DATA FOR THIS TASK: Begin

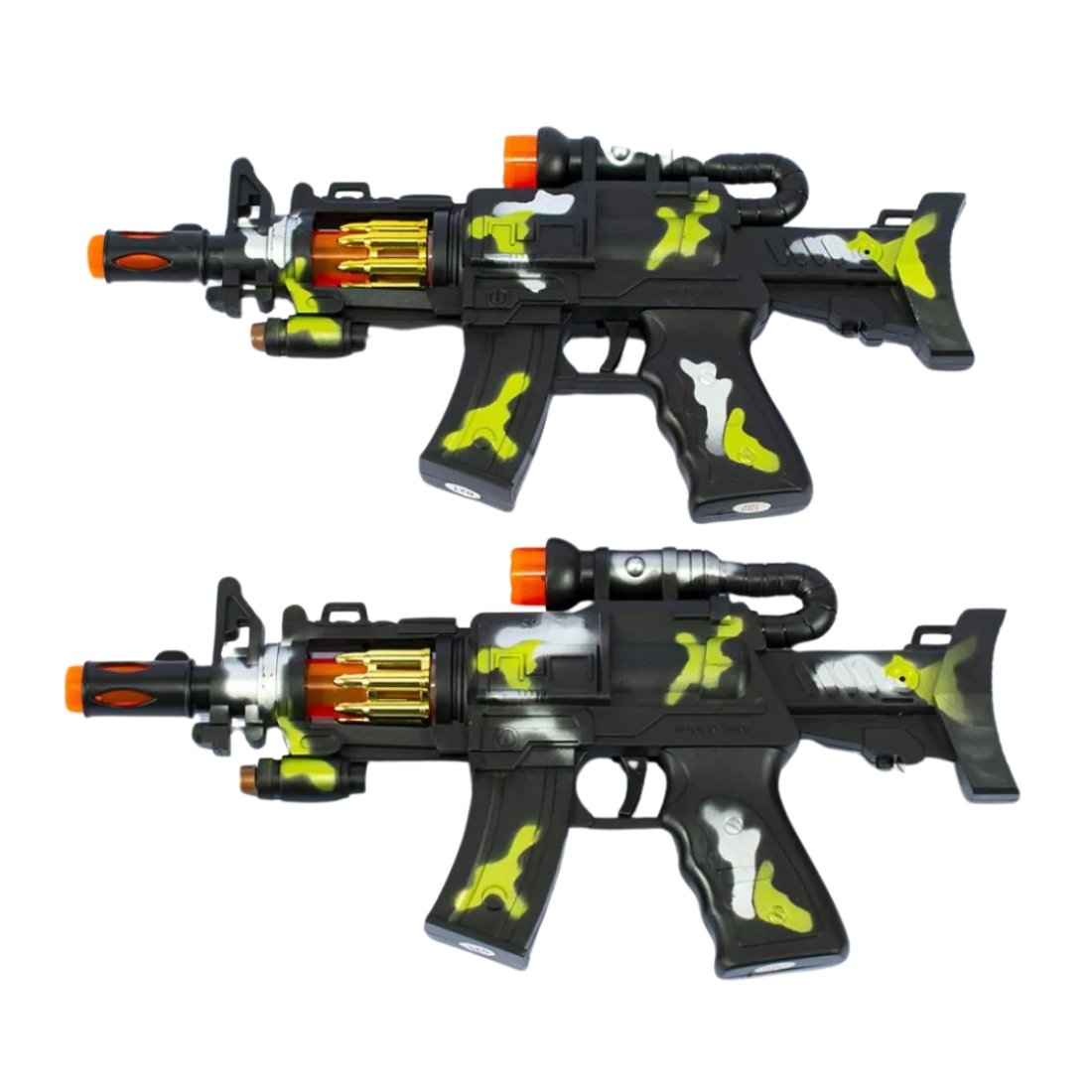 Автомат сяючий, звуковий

DATA FOR THIS TASK: End
DATA FOR THIS TASK: Begin

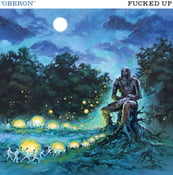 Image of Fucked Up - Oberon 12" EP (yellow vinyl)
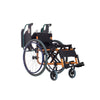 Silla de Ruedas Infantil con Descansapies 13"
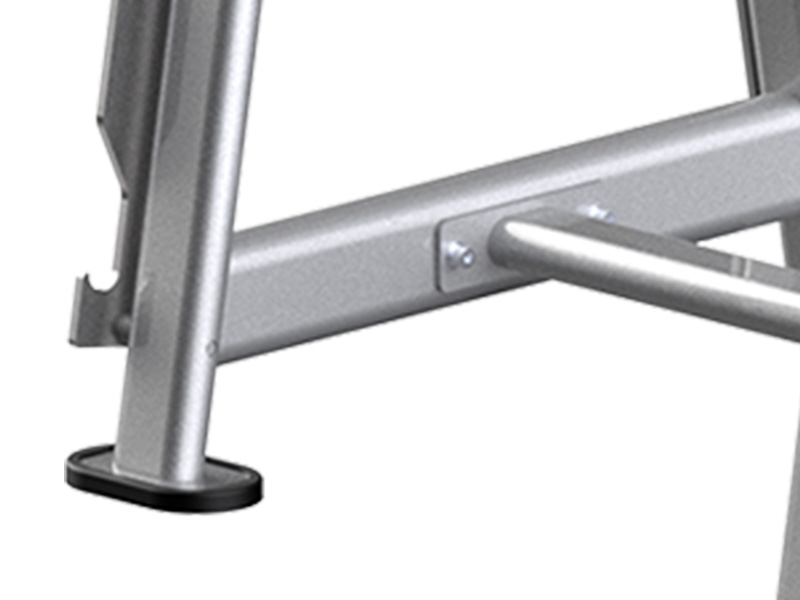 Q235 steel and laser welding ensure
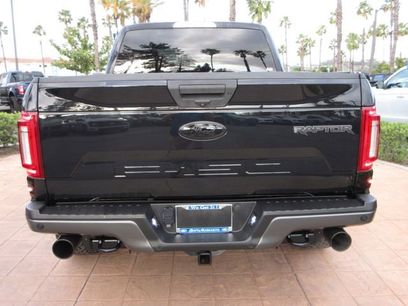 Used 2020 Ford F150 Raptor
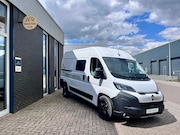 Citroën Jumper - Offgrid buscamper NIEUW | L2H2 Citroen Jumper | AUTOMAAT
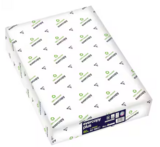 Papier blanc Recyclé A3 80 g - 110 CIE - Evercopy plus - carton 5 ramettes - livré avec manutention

DATA FOR THIS TASK: End

* _TO DO_
Above are some records. Reproduce the lines from the one with "Used 2020 Ford F150 Raptor" down to the one with "Papier blanc Recyclé", keeping both, and leave every picture out.

* _WRITTEN ANSWER_
 Used 2020 Ford F150 Raptor
 Citroën Jumper - Offgrid buscamper NIEUW | L2H2 Citroen Jumper | AUTOMAAT
 Papier blanc Recyclé A3 80 g - 110 CIE - Evercopy plus - carton 5 ramettes - livré avec manutention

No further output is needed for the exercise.